Conflicto Catalán
Vox denuncia que Marlaska deniega escoltas a sus diputados de Cataluña
El partido de Abascal afirma que varios de sus diputados no son considerados como sujetos de riesgo por Interior. En el Gobierno aseguran que se estudia "cada caso que lo solicita".

Sin escolta pese a concurrir factores de riesgo que, según ellos, podrían comprometer su seguridad. Así viven los miembros de Vox en Cataluña, que si disponen de algún tipo de seguridad es de forma privada y no a cuenta de las arcas públicas. Denuncian que el Ministerio del Interior no les ofrece esta protección pese a que el partido de Santiago Abascal ha ejercido como acusación particular durante el juicio del procés

Las movilizaciones previstas tras esta sentencia histórica aumentan la preocupación en la formación, más aún después de la detención de varios miembros de las CDR que tenían previsto atentar contra el Parlament.  
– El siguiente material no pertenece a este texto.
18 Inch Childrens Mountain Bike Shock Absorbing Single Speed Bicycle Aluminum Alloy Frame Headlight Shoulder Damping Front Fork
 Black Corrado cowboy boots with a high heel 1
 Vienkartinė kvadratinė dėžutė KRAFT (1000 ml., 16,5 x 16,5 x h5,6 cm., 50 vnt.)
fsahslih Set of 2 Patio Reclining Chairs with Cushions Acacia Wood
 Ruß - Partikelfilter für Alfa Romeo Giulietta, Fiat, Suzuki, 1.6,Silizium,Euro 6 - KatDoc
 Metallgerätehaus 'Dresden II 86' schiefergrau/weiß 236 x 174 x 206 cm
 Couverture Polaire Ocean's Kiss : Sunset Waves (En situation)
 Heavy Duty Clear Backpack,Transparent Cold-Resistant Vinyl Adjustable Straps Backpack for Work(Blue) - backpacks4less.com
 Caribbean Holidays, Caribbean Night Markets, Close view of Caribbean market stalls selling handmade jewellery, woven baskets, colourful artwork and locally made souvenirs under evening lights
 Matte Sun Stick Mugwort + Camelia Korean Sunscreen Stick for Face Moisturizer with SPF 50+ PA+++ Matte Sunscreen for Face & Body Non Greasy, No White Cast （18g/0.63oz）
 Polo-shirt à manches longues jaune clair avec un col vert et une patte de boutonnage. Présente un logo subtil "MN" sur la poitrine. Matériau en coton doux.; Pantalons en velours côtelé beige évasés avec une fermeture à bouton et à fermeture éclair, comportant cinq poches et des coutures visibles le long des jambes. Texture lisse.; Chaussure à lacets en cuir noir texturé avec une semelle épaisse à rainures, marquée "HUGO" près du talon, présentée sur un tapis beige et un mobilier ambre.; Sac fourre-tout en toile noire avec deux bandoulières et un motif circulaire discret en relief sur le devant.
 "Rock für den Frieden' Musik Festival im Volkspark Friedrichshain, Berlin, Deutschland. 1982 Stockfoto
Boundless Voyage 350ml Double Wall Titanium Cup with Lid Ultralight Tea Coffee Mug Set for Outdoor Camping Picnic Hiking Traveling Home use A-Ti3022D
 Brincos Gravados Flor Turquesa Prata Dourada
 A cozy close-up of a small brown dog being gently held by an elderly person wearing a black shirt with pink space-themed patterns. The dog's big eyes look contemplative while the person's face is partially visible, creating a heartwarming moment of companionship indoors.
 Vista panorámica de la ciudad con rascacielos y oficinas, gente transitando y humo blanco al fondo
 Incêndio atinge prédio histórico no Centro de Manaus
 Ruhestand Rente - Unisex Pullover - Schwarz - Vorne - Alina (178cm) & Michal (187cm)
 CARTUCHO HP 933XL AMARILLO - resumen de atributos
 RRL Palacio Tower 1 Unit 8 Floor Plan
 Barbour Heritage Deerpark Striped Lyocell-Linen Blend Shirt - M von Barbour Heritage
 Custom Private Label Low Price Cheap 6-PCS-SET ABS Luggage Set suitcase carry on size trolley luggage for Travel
En Vox creen que la movilización independentista ha descendido, pero consideran que 'la violencia va in crescendo': "Son menos, pero más violentos", afirman.

Las fuentes consultadas por LPO denuncian que nunca han tenido seguridad a cuenta del Ministerio del Interior. "El único que dispone de protección oficial [en Vox Cataluña] es Ignacio Garriga, diputado en el Congreso por Barcelona", sentencian. Los demás miembros que están expuestos al complejo escenario catalán tienen que sufragar la seguridad de su propio bolsillo o a costa del partido.

Marlaska prepara una "respuesta proporcionada" a las posibles protestas por la sentencia del procés

"Cada vez que salimos a la calle con una carpa nos pasa de todo. Lo menos grave es que nos lancen piedras, adoquines enteros incluso. A mí hace poco me enviaron al hospital", relata un miembro de la formación en Barcelona. "Hay Policía -apostilla- pero tenemos que ir con mucho cuidado". 

Santiago Abascal e Ignacio Garriga en un acto de vox en Barcelona.

Los de Abascal consideran que el movimiento independentista está "pinchando" y que cada vez tiene menos apoyos, pero también creen que "la violencia va in crescendo". "Son menos, pero más violentos", opinan. Y agregan: "una cosa es que alguien te insulte y otra que veas que se acercan 20 a la vez, porque se envalentonan". 

Pero no solo la parte catalana de Vox va sin seguridad pública. En Madrid, también se le ha sido denegada a altos miembros de la dirección del partido, según ha podido confirmar LPO. "Nosotros somos acusación particular en el juicio del procès y la sentencia llegará pronto", señalan, dejando caer que temen actos violentos en los que pueda peligrar su seguridad.

Evaluación caso a caso

En el Ministerio del Interior, por su parte, no ofrecen información sobre los políticos que disponen de seguridad que debe ser proveída por las Fuerzas y Cuerpos de Seguridad del Estado. "No podemos informar por razones, precisamente, de seguridad", explican a LPO. 

Respecto al sistema por el que se decide quién sí y quién no corre riesgo de ser atacado, en el departamento de Marlaska relatan que siempre ha habido cargos institucionales con protección incluida, como son los relativos a los correspondientes ministerios, mientras que en el resto de casos se estudia cada situación en particular. 

En Interior explican que existen ciertos cargos públicos con protección incluída como son los correspondientes a  ministerios y otros como los diputados que se estudian caso por caso

"Si alguien informa a Policía o Guardia Civil de alguna incidencia -como que ha recibido amenazas, por ejemplo-, las fuerzas de seguridad elevan dicha situación al Ministerio y allí se evalúan los riesgos y si es necesario o no ofrecer protección a esa persona", especifican. 

En cualquier caso, pese a que ha habido momentos en los que se ha reforzado la seguridad de forma genérica -como ocurrió en 2017, por ejemplo, para proteger a los candidatos de los partidos constitucionalistas en campaña- , en Interior niegan que esté previsto el despliegue de un dispositivo especial ni por la inminente sentencia del procès ni por la convocatoria electoral del 10-N.

Sí aclaran, en cualquier caso, que parte de la subvención pública que reciben los partidos por obtener representación parlamentaria en las citas electorales ya se destina específicamente a seguridad. En concreto, según los últimos presupuestos aprobados (y aún en vigor por la doble prórroga de los mismos), los partidos cuentan con una "financiación ordinaria" de casi 53 millones y otros 2,7 millones para "gastos de seguridad".